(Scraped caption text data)
◇ ◇ ◇ ◇

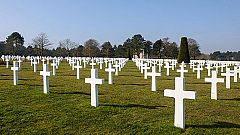 Americans' long trip to visit war dead hit by own government's shutdown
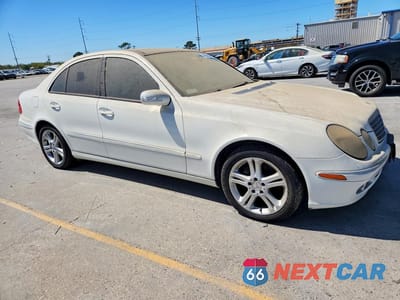 Czwarte zdjęcie samochodu z boku: 2006 MERCEDES-BENZ E 350 VIN:WDBUF56J66A834319 - miniatura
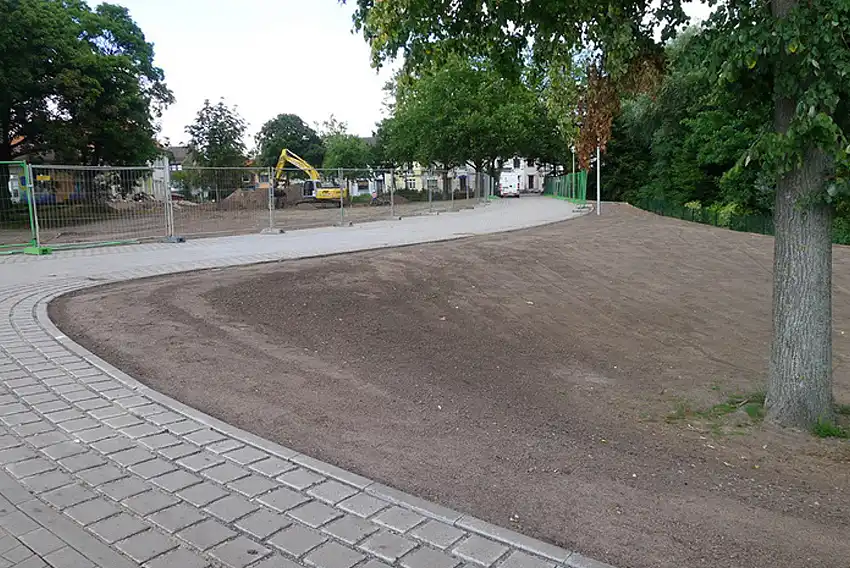 Neu gepflasterter Weg im Park am Weserwehr 
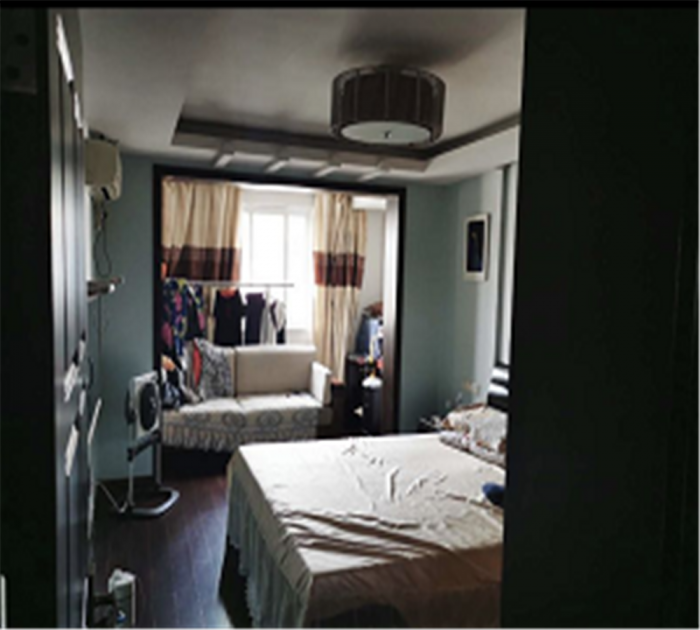滨江花园 4室3厅2卫 214m&sup2;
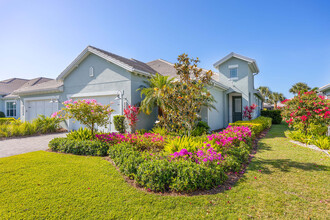 5626 Elbow Ave in Naples, FL - Building Photo - Building Photo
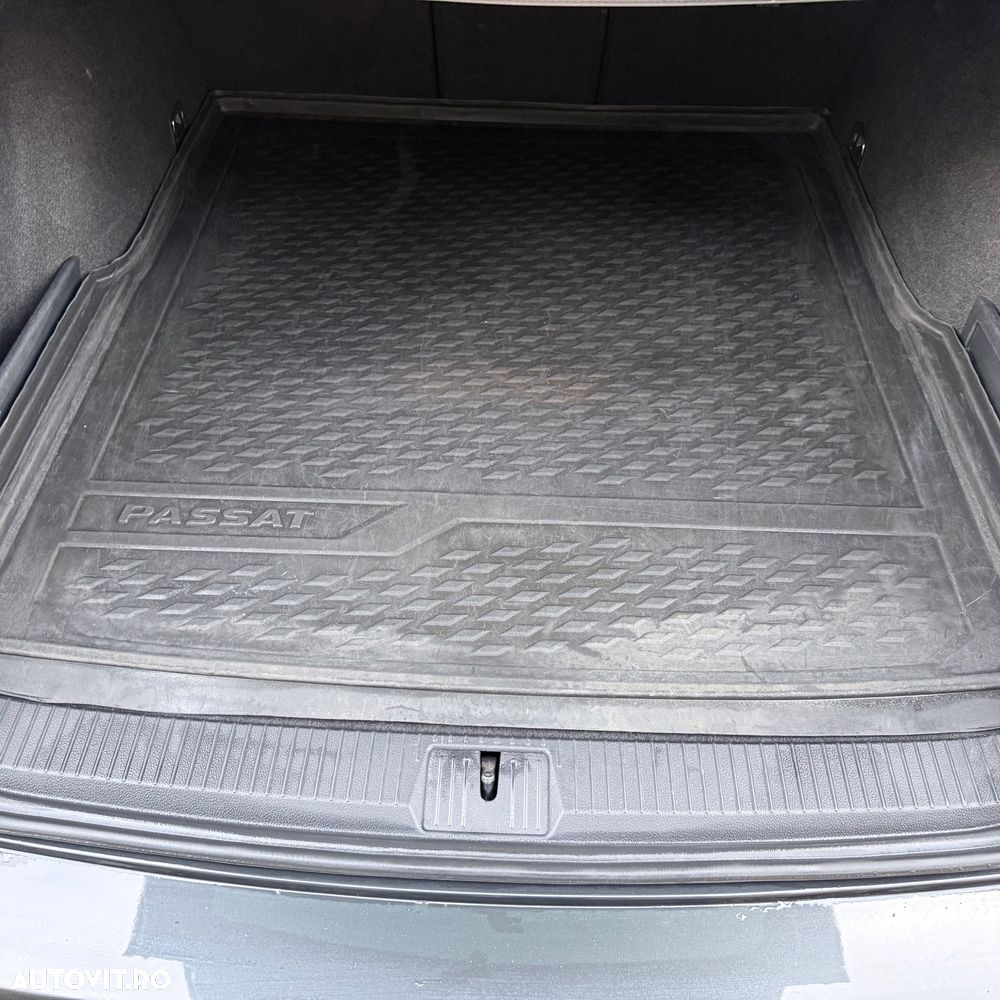 Volkswagen Passat 2.0 TDI DSG 4Mot Highline - 28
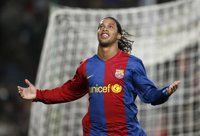 Ronaldinho, nuevo embajador del FC Barcelona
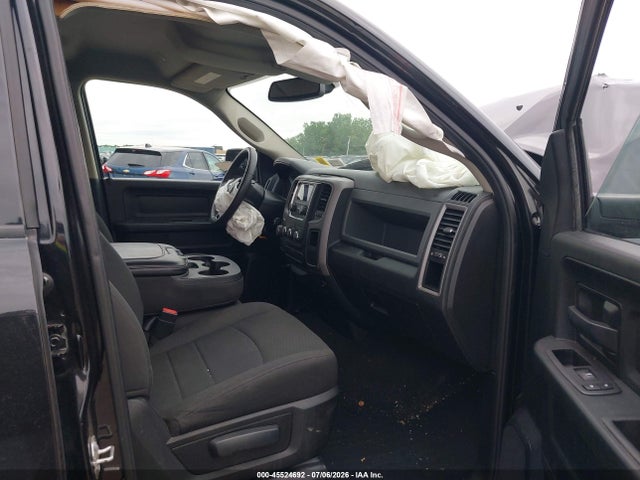 45524692 :رقم المزاد ، 1C6RR7FT5JS351619 vin ، 2018 Ram 1500 Express  4x4 6'4 Box مزاد بيع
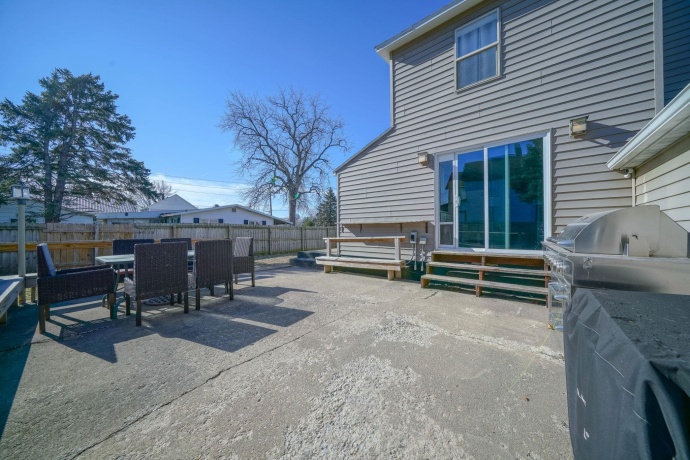 302 Prairie, POLO, Illinois 61064, 3 Bedrooms Bedrooms, ,2 BathroomsBathrooms,House,For Sale,Prairie,202600740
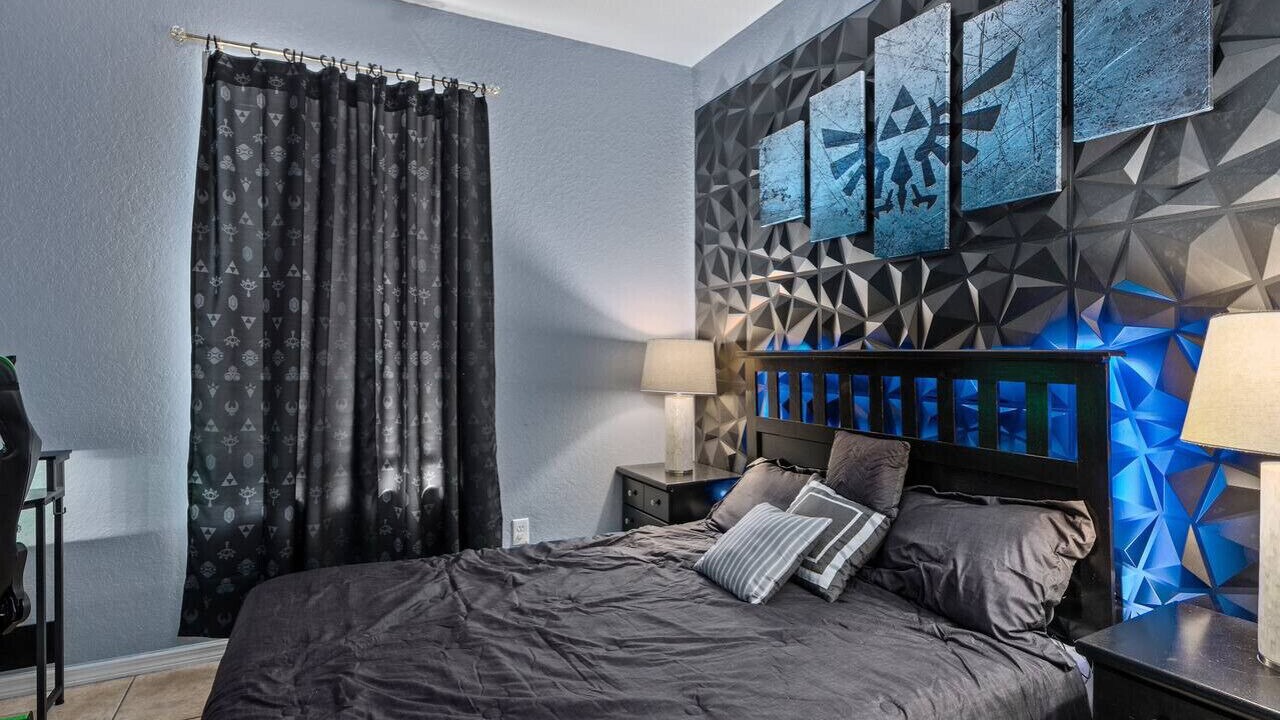 Photo of Bedroom in Regal Palms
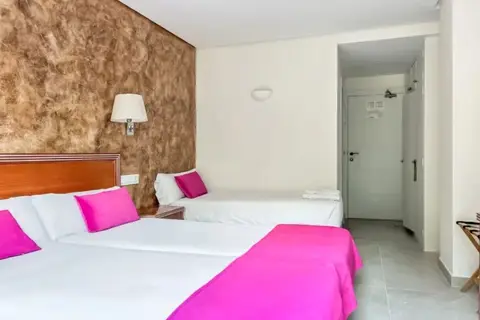 Apartamentos Los Arces in Ribamontán al Mar — foto 12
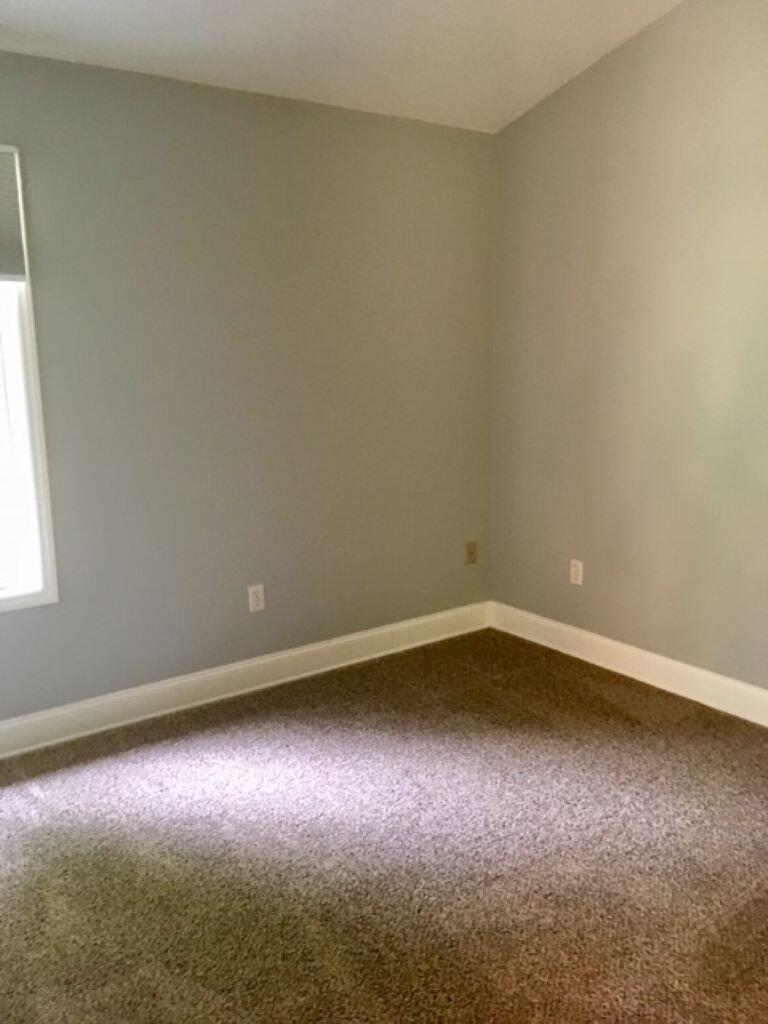 184 Quail Run, Unit 184 Bristol, VA 24201 - Photo 13 of 24 IMG_0748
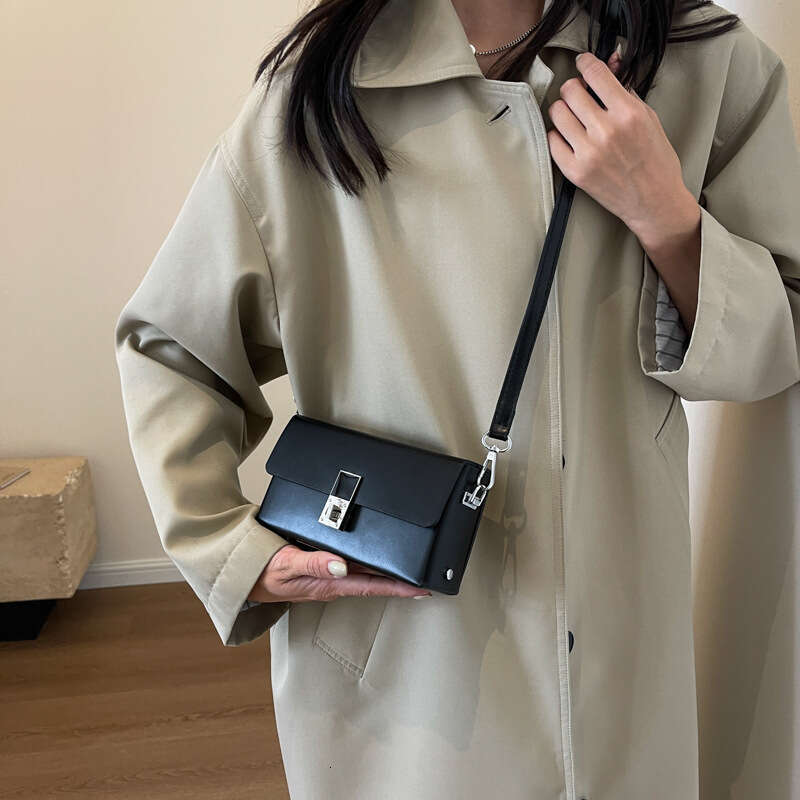 This Year's Trendy Bags for Women Autumn 2025 New Fashionable Textured Single Shoulder Bags Small Square Celebrity Designer Chain Crossbody Bag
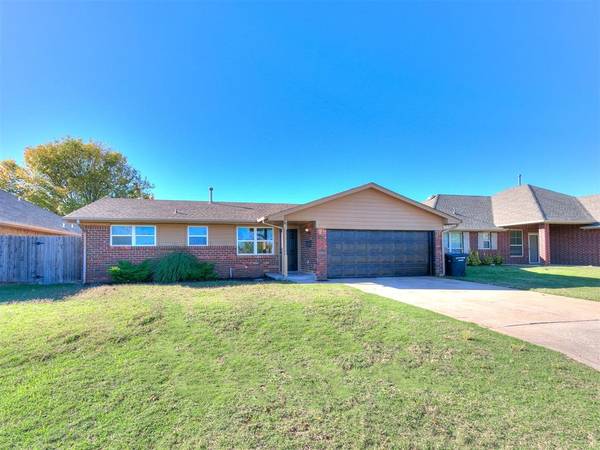 917 S Howard Avenue, Moore, OK 73160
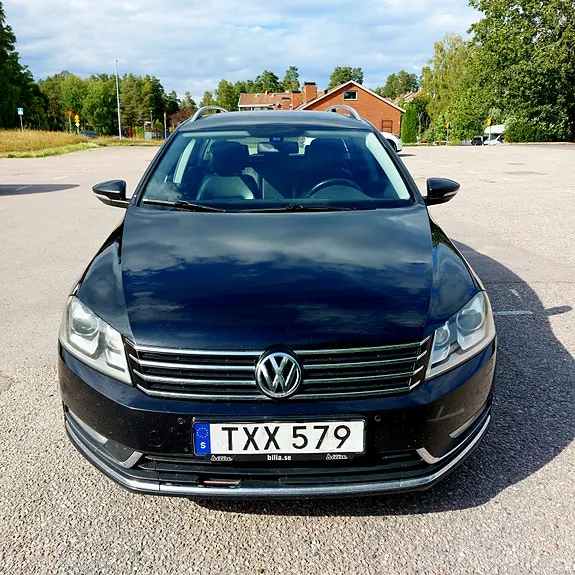 Volkswagen Passat 2012 photo 3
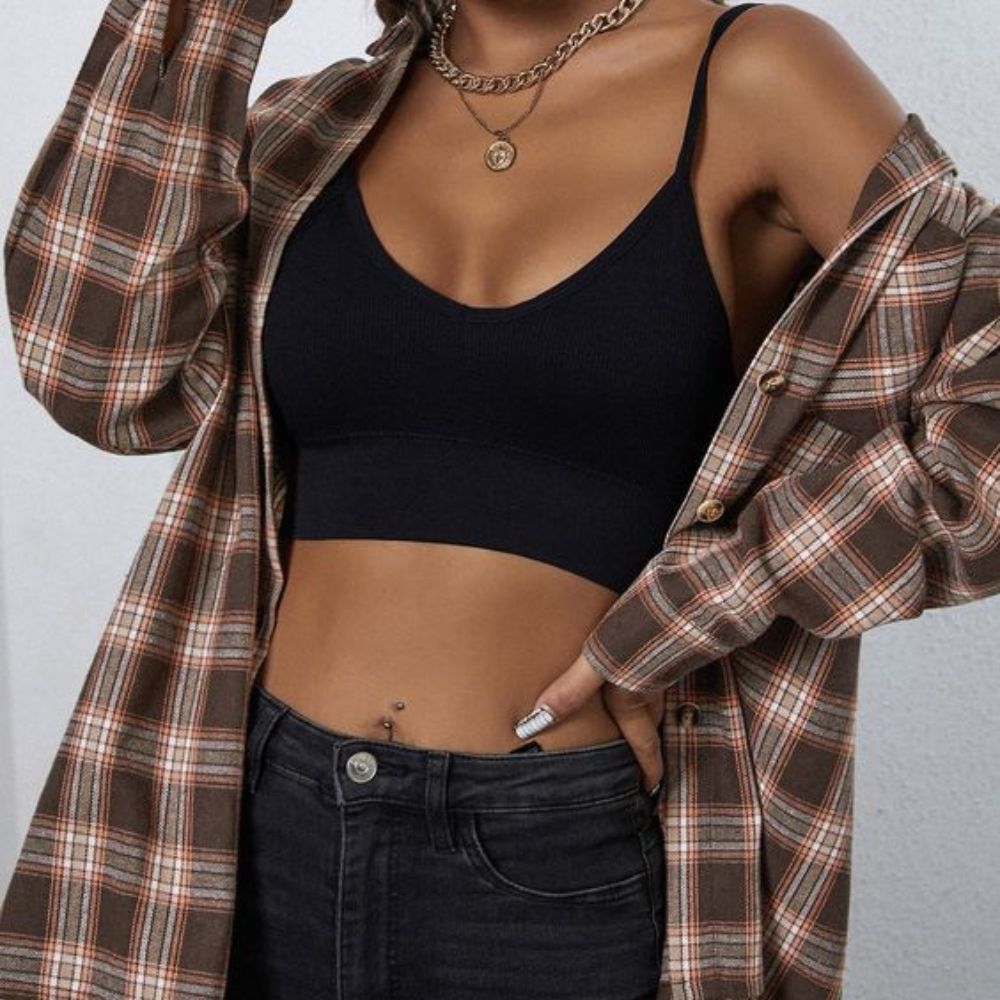 10 outfits sexys y comodos para salir el viernes en la noche- camisa de cuadros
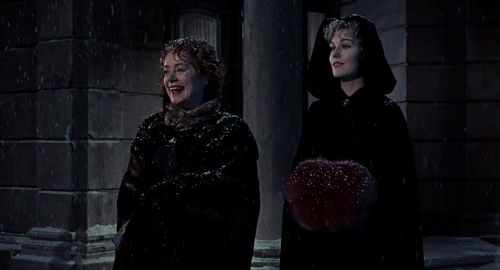 Kim Novak and Elsa Lanchester in Bell Book and Candle (1958)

◇ ◇ ◇ ◇

• [Problem]: Every line from the one containing "Photo of Bedroom in Regal Palms" through the final line of the records above is to be written out exactly; nothing else, and no pictures.

• [Solution]:
 Photo of Bedroom in Regal Palms
 Apartamentos Los Arces in Ribamontán al Mar — foto 12
 184 Quail Run, Unit 184 Bristol, VA 24201 - Photo 13 of 24 IMG_0748
 This Year's Trendy Bags for Women Autumn 2025 New Fashionable Textured Single Shoulder Bags Small Square Celebrity Designer Chain Crossbody Bag
 917 S Howard Avenue, Moore, OK 73160
 Volkswagen Passat 2012 photo 3
 10 outfits sexys y comodos para salir el viernes en la noche- camisa de cuadros
 Kim Novak and Elsa Lanchester in Bell Book and Candle (1958)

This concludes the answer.